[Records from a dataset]
---*---
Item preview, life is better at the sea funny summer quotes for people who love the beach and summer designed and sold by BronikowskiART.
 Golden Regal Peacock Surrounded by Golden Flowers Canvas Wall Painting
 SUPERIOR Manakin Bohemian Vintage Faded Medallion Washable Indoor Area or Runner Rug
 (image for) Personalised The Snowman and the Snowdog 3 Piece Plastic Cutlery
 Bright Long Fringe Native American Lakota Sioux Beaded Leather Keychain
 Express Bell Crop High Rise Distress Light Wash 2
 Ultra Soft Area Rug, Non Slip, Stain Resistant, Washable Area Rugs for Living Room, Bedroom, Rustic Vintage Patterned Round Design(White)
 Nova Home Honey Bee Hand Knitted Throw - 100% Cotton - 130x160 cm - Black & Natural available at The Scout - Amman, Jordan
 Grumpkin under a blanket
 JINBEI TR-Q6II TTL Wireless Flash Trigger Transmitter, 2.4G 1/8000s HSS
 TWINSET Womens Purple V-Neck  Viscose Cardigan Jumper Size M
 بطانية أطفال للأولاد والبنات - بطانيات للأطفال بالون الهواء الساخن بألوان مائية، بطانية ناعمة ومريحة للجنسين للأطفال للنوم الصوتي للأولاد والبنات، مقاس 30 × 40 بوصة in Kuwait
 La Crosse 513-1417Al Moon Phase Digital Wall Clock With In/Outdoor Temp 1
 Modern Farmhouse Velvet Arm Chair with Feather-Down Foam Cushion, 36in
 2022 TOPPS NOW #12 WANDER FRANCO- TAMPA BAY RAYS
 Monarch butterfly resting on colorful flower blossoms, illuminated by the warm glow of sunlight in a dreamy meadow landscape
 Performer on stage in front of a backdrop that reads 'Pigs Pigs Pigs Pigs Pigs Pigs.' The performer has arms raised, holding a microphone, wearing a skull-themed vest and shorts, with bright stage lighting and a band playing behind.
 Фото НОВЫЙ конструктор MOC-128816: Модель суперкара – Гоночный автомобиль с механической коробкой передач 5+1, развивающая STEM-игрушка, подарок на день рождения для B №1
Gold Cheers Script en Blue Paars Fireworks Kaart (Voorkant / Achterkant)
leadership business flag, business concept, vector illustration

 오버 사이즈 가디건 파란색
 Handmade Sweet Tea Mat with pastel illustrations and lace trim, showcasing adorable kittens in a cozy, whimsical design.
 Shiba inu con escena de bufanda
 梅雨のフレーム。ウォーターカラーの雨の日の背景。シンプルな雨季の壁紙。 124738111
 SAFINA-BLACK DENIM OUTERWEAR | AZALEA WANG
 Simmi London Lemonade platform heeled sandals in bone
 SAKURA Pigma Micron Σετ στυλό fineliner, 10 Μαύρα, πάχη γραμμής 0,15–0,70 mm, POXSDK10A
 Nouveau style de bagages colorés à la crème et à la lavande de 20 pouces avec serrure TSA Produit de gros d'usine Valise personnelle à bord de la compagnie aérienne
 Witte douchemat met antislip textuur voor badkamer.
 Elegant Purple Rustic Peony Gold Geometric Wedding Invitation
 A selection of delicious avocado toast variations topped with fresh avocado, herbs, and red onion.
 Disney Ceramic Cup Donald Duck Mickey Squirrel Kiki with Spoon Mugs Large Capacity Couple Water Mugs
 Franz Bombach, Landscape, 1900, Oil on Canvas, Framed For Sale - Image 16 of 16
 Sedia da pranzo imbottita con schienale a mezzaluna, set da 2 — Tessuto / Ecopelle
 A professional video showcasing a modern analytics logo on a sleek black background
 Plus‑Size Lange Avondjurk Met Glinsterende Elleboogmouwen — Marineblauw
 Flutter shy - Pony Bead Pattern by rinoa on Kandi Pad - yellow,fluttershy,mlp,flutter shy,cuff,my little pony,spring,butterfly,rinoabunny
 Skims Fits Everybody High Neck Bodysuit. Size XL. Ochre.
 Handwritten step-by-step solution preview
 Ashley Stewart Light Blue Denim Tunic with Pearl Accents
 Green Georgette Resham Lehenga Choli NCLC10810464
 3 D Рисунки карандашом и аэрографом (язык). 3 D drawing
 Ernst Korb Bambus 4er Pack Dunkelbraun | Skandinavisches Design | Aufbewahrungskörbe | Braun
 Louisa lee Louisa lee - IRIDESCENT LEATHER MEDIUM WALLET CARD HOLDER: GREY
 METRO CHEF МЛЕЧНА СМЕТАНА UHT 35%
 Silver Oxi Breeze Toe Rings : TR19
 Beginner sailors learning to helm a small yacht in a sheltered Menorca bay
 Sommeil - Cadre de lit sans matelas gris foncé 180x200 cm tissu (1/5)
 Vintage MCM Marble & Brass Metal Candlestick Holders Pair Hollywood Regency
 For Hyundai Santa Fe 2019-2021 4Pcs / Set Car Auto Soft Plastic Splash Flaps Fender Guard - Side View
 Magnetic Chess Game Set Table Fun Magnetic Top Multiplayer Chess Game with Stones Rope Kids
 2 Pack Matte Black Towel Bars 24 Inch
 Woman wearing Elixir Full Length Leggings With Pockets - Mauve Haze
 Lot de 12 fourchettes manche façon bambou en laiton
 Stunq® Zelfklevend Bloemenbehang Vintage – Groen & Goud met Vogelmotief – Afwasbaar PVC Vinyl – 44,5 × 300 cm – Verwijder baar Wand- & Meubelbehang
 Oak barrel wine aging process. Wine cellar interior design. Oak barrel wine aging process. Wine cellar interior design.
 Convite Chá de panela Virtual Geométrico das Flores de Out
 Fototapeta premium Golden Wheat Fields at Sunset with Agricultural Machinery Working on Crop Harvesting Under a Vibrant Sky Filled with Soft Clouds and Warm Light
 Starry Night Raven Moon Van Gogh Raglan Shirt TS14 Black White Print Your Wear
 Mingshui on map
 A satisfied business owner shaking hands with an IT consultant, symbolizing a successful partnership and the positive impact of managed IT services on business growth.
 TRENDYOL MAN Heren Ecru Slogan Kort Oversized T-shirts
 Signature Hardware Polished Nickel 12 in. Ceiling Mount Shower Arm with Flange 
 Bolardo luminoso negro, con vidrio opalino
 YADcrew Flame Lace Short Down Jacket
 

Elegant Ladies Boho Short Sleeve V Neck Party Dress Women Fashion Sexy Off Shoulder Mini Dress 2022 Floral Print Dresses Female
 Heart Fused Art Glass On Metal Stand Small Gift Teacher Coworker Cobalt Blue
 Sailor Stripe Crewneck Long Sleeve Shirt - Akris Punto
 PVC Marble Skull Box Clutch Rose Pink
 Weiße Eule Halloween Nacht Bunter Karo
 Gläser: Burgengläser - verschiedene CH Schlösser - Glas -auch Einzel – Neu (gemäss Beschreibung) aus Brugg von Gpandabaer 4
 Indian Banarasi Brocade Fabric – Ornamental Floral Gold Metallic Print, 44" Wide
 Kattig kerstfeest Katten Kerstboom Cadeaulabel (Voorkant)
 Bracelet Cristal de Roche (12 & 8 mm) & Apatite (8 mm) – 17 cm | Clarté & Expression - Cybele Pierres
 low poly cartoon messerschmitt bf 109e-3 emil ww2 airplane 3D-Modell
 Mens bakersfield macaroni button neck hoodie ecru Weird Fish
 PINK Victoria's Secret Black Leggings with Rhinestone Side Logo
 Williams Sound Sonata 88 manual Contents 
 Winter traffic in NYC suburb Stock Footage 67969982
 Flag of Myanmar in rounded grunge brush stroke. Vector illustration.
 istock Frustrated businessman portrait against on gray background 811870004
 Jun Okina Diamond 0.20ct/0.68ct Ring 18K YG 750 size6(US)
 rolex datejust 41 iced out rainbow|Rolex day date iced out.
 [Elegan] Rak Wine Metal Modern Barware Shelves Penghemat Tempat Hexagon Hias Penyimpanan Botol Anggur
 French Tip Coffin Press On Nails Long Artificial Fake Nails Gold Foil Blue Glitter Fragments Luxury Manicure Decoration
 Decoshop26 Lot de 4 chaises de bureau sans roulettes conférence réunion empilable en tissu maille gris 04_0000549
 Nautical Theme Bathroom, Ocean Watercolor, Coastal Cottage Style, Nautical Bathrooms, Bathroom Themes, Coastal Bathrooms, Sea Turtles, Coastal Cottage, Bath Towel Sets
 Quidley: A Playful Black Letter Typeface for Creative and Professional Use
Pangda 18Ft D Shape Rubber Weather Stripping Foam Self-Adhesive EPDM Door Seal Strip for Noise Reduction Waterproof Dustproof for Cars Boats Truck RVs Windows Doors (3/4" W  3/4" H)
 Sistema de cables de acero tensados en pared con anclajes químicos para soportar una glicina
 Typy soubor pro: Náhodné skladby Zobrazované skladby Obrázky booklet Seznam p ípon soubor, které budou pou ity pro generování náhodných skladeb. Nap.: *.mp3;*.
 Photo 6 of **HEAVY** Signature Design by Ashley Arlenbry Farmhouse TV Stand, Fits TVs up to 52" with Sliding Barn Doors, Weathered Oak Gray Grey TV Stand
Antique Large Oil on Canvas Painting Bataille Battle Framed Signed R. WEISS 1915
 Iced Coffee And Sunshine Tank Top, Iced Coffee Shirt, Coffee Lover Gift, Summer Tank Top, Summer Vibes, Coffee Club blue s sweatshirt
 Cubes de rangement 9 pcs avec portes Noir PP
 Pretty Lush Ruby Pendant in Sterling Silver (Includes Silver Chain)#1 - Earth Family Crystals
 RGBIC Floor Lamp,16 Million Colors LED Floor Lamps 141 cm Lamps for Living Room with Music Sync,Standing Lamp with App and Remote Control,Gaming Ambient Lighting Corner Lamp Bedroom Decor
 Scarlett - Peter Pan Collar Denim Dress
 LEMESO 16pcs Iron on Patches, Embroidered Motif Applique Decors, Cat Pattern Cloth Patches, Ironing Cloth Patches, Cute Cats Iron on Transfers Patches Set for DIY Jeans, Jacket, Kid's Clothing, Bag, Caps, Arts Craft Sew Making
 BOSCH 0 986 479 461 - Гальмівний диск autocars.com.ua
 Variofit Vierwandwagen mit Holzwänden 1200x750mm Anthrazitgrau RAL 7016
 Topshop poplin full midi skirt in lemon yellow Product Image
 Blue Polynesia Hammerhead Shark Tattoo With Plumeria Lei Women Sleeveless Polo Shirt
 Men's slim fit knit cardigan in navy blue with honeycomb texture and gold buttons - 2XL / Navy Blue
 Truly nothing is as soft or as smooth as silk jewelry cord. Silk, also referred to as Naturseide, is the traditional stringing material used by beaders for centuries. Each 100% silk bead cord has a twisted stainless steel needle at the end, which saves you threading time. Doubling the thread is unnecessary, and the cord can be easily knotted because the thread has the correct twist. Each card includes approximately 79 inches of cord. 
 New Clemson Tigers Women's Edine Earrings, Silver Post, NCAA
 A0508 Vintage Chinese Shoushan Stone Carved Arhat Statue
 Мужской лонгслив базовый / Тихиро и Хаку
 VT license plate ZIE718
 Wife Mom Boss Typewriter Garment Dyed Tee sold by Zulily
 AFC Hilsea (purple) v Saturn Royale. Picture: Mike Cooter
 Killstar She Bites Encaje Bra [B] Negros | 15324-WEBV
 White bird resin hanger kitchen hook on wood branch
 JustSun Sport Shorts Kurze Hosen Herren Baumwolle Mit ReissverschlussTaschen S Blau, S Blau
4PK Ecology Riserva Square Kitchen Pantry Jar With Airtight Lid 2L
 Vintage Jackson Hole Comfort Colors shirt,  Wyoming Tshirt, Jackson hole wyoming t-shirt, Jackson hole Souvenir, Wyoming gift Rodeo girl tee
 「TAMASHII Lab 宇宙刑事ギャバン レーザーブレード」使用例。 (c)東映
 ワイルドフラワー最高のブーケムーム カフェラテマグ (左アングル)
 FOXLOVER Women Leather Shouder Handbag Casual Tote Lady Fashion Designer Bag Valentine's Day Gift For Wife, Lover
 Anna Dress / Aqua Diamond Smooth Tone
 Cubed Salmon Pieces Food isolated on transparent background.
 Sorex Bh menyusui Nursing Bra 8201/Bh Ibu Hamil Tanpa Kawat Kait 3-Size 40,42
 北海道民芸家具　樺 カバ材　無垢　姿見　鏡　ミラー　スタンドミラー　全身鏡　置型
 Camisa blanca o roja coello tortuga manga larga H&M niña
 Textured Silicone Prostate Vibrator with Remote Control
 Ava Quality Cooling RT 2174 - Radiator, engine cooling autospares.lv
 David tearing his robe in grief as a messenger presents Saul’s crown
---*---
From the records above, extract exactly and only the lines that begin at the line with "Silver Oxi Breeze Toe Rings : TR19" and stop after the line with "Vintage MCM Marble".

 Silver Oxi Breeze Toe Rings : TR19
 Beginner sailors learning to helm a small yacht in a sheltered Menorca bay
 Sommeil - Cadre de lit sans matelas gris foncé 180x200 cm tissu (1/5)
 Vintage MCM Marble & Brass Metal Candlestick Holders Pair Hollywood Regency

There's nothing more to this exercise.